EXERCISE PROMPT: Report each line of the records below that uses the word "beach".

==================================================

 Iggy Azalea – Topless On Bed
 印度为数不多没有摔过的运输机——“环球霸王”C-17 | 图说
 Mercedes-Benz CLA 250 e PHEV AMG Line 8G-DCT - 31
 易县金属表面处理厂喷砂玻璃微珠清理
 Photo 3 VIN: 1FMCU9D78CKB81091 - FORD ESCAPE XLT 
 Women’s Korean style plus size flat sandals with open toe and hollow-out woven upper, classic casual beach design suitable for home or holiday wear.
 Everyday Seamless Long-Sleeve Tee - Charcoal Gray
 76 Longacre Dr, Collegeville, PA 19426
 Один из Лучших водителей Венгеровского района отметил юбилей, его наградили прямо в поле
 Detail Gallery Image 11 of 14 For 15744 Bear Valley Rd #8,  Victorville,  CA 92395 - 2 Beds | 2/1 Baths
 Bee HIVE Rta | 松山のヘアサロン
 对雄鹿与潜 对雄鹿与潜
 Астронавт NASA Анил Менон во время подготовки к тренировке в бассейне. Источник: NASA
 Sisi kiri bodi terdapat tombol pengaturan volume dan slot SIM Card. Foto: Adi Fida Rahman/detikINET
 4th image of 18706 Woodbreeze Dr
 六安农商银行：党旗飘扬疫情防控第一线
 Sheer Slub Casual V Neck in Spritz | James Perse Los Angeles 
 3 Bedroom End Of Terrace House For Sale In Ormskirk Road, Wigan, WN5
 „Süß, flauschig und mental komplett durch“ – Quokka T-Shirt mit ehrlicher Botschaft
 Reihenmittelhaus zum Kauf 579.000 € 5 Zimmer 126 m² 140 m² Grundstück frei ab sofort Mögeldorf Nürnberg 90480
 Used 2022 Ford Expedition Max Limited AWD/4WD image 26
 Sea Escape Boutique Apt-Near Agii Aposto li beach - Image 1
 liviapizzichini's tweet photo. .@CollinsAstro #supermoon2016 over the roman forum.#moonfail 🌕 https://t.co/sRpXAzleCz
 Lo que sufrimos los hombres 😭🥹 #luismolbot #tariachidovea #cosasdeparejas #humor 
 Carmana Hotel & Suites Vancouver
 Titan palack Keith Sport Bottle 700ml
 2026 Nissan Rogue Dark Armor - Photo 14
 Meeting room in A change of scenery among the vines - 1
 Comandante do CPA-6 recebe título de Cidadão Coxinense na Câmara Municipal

==================================================

ANSWER FOR THIS EXERCISE:
 Women’s Korean style plus size flat sandals with open toe and hollow-out woven upper, classic casual beach design suitable for home or holiday wear.
 Sea Escape Boutique Apt-Near Agii Aposto li beach - Image 1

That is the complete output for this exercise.